[Information supplied]
---
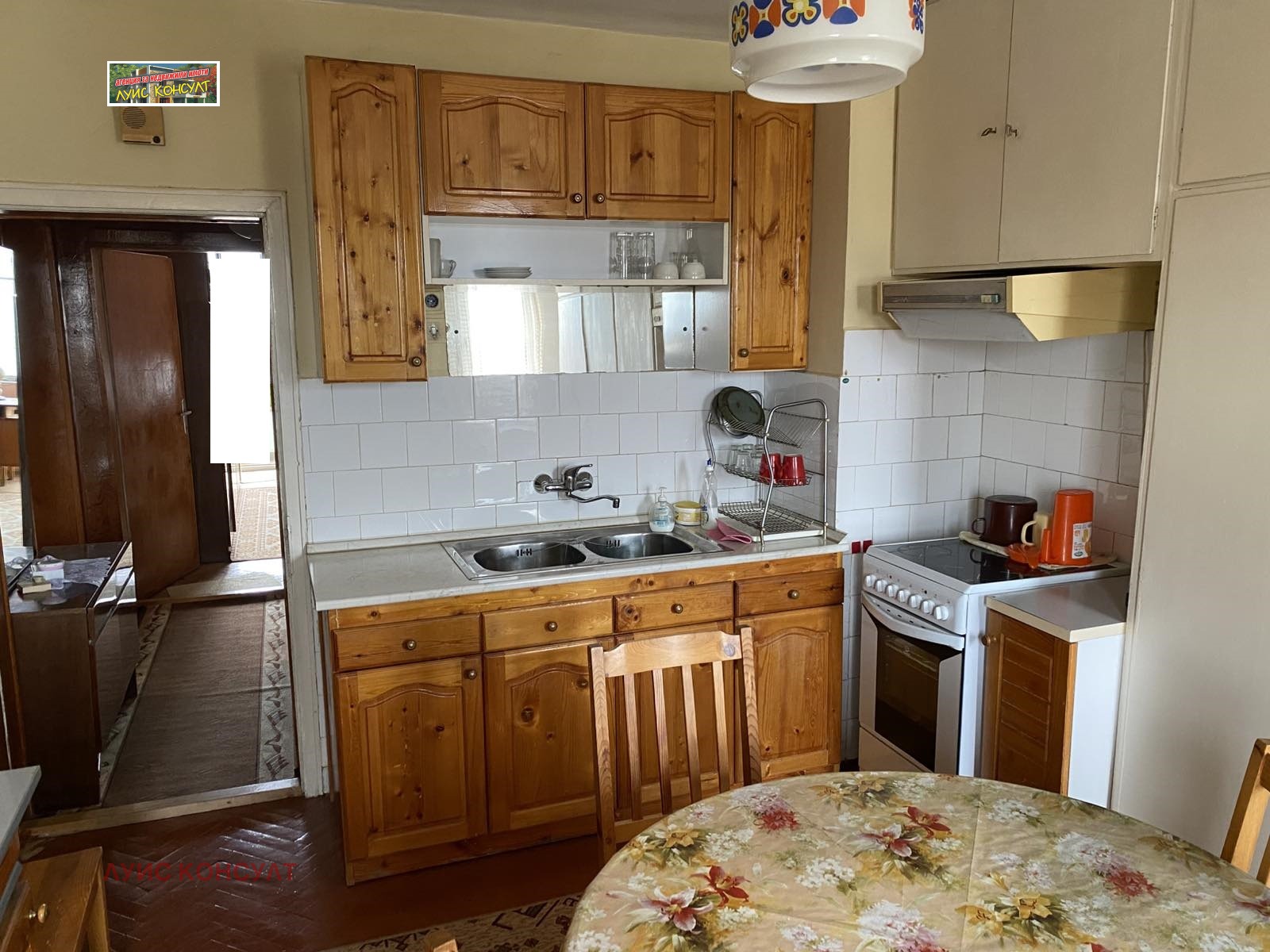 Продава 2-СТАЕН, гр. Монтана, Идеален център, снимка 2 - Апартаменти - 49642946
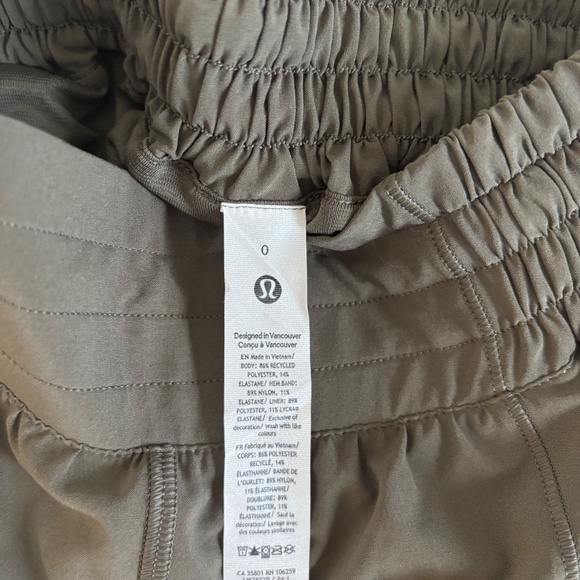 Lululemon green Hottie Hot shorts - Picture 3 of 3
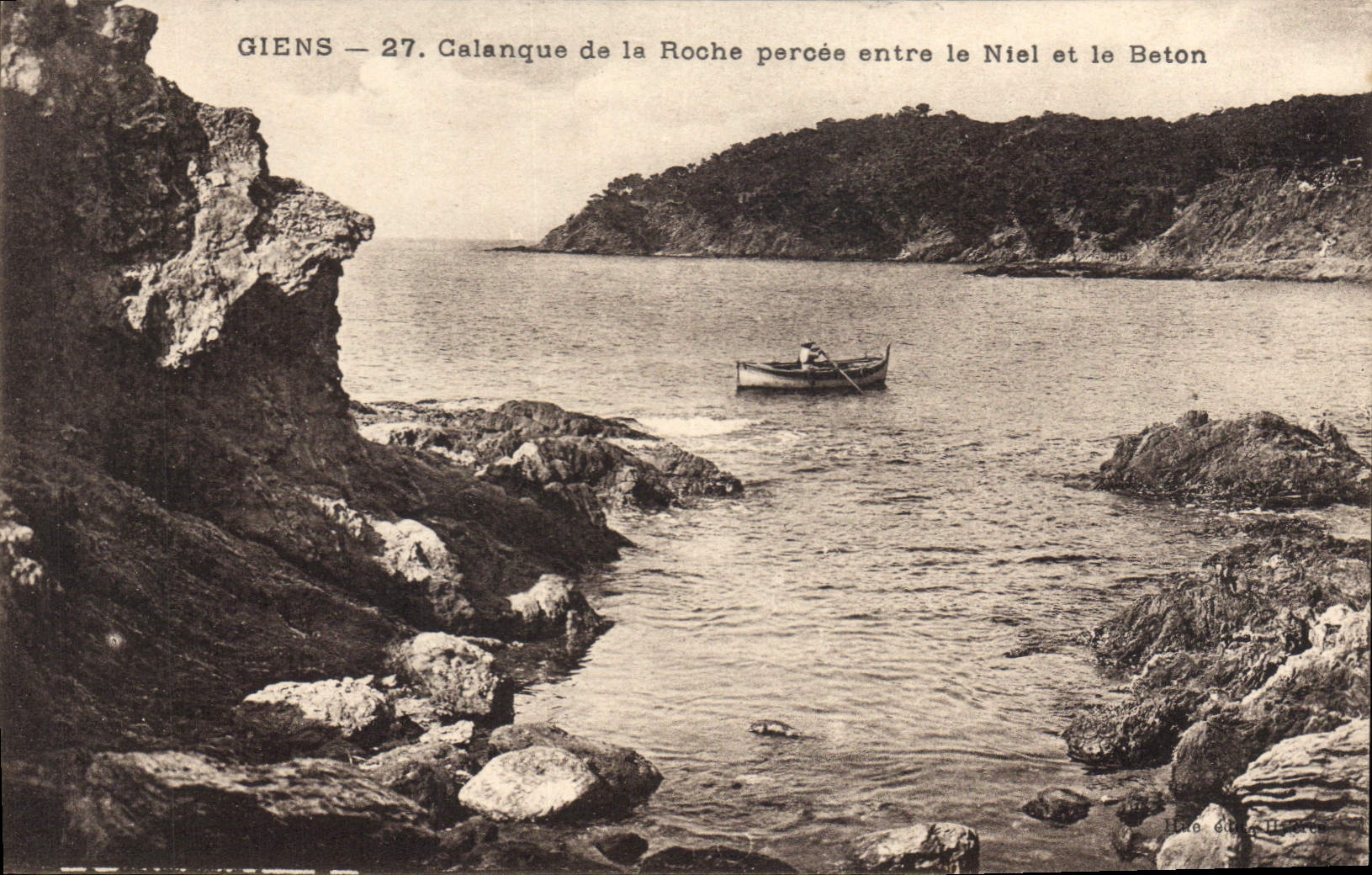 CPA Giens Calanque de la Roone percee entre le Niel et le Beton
---
[What is required] Word for word, retype the lines from the one that contains "Lululemon green Hottie" through the final line of the data, both ends included, excluding pictures.

[Your solution]
 Lululemon green Hottie Hot shorts - Picture 3 of 3
 CPA Giens Calanque de la Roone percee entre le Niel et le Beton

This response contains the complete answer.